Google Disco And GenTabs Explained

Google’s new Labs experiment tries to cure tab overload by turning your open pages into a custom mini “app.” It’s neat — and very beta.

  • GenTabs takes the tabs you already opened for a project and generates an interactive workspace (planner, comparison board, checklist-style app) around your goal.
  • Access is limited right now: macOS-first testing via waitlist, and it’s currently US-only and 18+.
  • Big privacy asterisk: Google warns your Disco activity (including pages and AI chats) may be logged and reviewed by humans to improve the system.
Reality Check
What Looks Real
The “tabs → generated tool” concept is the point, and Disco is built to test exactly that workflow, not just demo it.
What’s The Big Question
Whether this becomes genuinely useful (and safe) depends on controls: what gets captured, what’s stored, and what you can lock down.
What To Do
Treat it like a prototype. Use a spare profile/machine, avoid sensitive logins, and only feed it the kind of tabs you’d be fine with in a study.

Say Hello To Disco!

On December 11, 2025, Google introduced Disco as a new Labs experiment aimed at exploring “the future of the web,” with GenTabs as the first big idea.

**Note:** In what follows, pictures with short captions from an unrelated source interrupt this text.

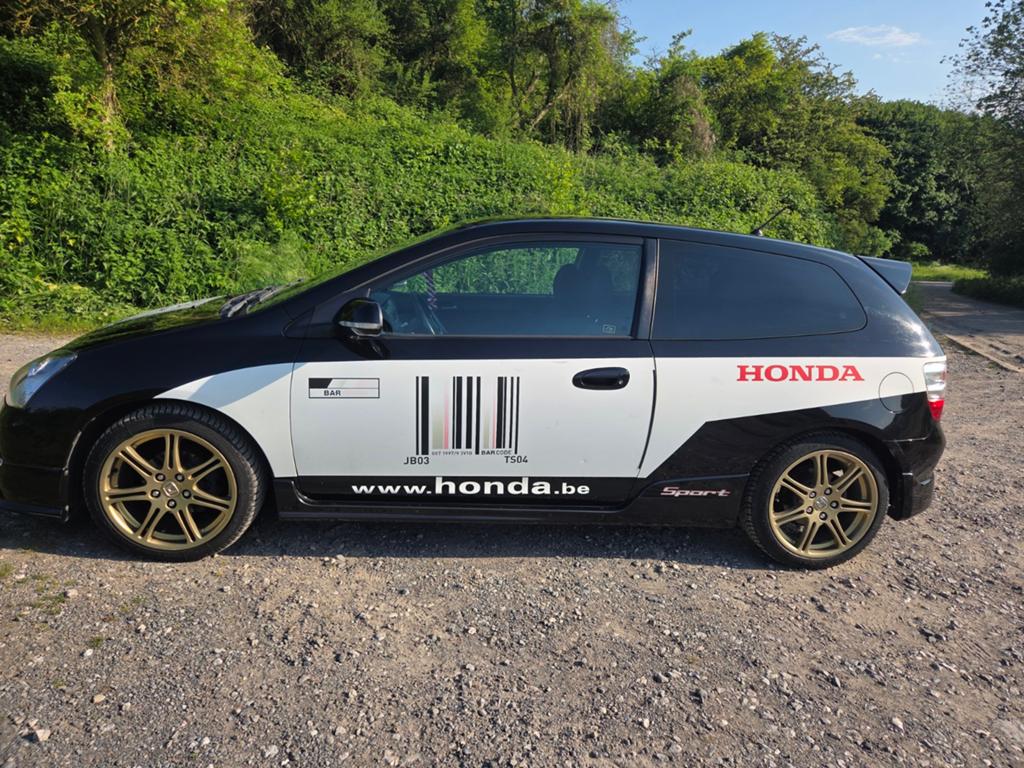 Honda civic VTEC BAR Sport, Autos, Honda, Achat, Boîte manuelle, Entretenue par le concessionnaire, Noir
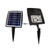 The solar panel can be installed on top of the fixture, or in the ground up to 12 feet away from the light.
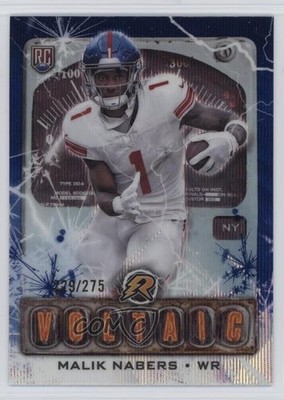 2024 Resurgence Voltaic Navy Surge Refractor /275 Malik Nabers Rookie RC 1t2r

Importantly, Google isn’t pitching this as “Chrome but AI.” Instead, Disco reads like a sandbox where the team can test a new browsing workflow in public.

The Down And Dirty Details About Google Disco

What GenTabs Are Supposed To Do

GenTabs is Disco’s whole reason to exist. It starts with the tabs you already opened for a project. Then you tell Disco your goal. After that, it generates an interactive workspace around those pages.

In practice, that workspace can look like a planner, a comparison board, a checklist, or a simple dashboard. The point is to stop bouncing between 20 sites and start working in one place.

Also, GenTabs isn’t supposed to “replace the web.” It’s more like a layer on top of it. The generated bits should still point back to the pages you used.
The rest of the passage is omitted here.